Accepté comme un fait de société depuis l’explosion de la grande consommation, la sur-présence publicitaire rencontre désormais quelques obstacles. Dernier conflit en date : les protestations des dirigeants du Théâtre du Châtelet contre l’immense IPhone X planant calmement au-dessus de la place éponyme, en février 2018. Déclarées illégales par le juge, les bâches installées par JCDecaux ont donc été condamnées à être redimensionnées. Le seront-elles effectivement ? C’est une autre question.
N’oublions pas d’ailleurs que les plaintes émanants du théâtre avaient pour origine la baisse de leur chiffre d’affaire, conséquence directe de leur baisse de visibilité en tant qu’institution parisienne.
Mais à côté de ces conflits de visibilité, existe-t-il des initiatives citoyennes ? Oui ! Khaled Gaiji, porte-parole de Résistance à l’Agression Publicitaire (R.A.P.), nous présente son association :
« Cette association nationale existe depuis 1992 et a comme objet de lutter contre les effets négatifs des activités publicitaires sur les citoyens et l’environnement. Pour cela, nous réalisons des actions d’information, de sensibilisation, du plaidoyer (pour faire changer les lois) et enfin des actions publiques et non violentes sur les dispositifs publicitaires. »
Leur récente initiative du 3 février 2018 consistait ainsi à recouvrir les écrans vidéo de nombreuses villes françaises par un message simple, basique : « STOP PUB VIDEO ».
Pourquoi la pub vidéo en particulier ? En dehors du fait qu’un panneau vidéo consomme l’équivalent d’un foyer, notre cerveau est conditionné pour répondre au mouvement. Réflexe de prédateur… ou de proie ? Difficile pour nous d’échapper aux messages animés…(Pour en savoir plus sur les initiatives antipub de RAP et d’autres associations, jetez un œil à la vidéo de Vincent Verzat faite spécialement pour Noël dernier)
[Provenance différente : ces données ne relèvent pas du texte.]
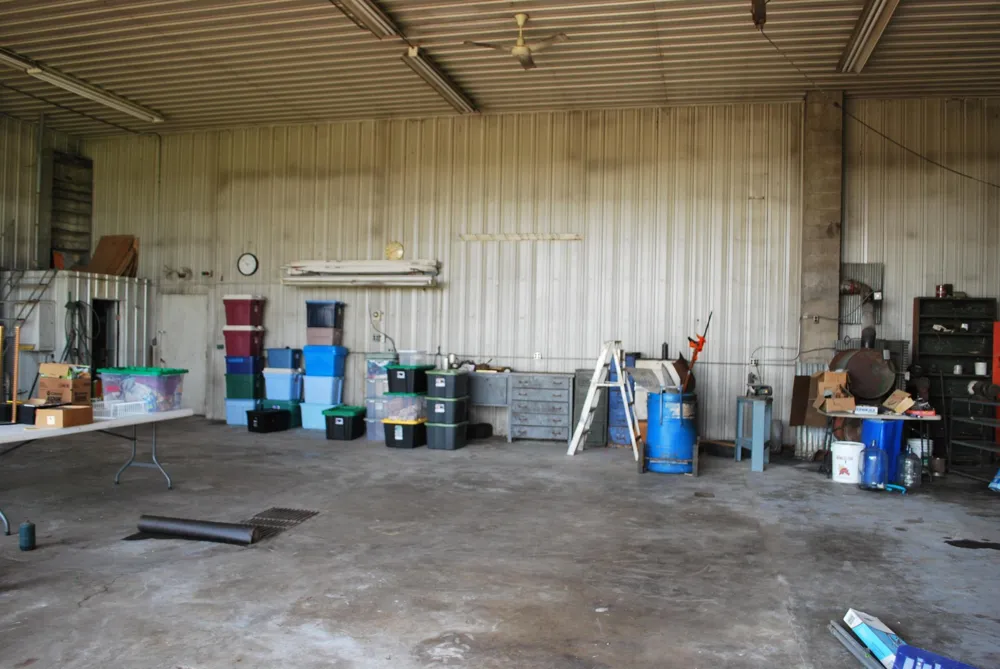 36237 State Highway 15 Lewisville, MN 56060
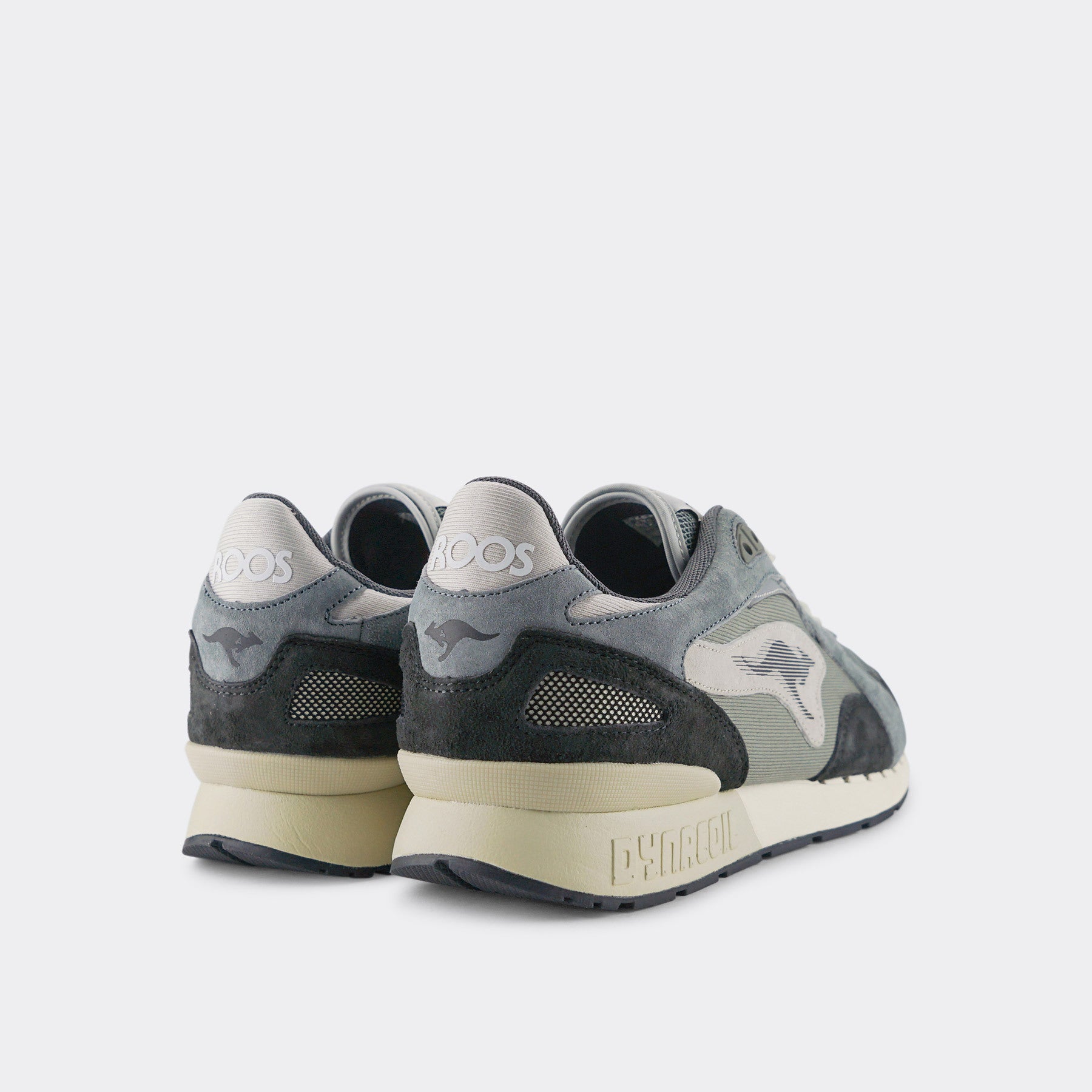 #color_charcoal-k-red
D’ailleurs R.A.P ne sont pas les seuls à réagir face à l’omniprésence publicitaire. De nombreuses associations agissent. Certaines, de manière légale : Stoppub contre les prospectus dans les boîtes aux lettres ou Paysages de France, contre la pollution visuelle. D’autres, comme Les Déboulonneurs par exemple, s’aventurent aux limites de la dégradation urbaine pour faire de leurs procès des outils de communication antipub. L’idée ? « Barbouiller » un panneau publicitaire à la bombe aérosol et risquer le procès, plus important par sa portée médiatique que par la peine encourue (quelques centaines d’euros).
La publicité commençerait-t-elle donc à avoir mauvaise presse ? Devant tant d’ardeur pour la faire taire, une question émerge…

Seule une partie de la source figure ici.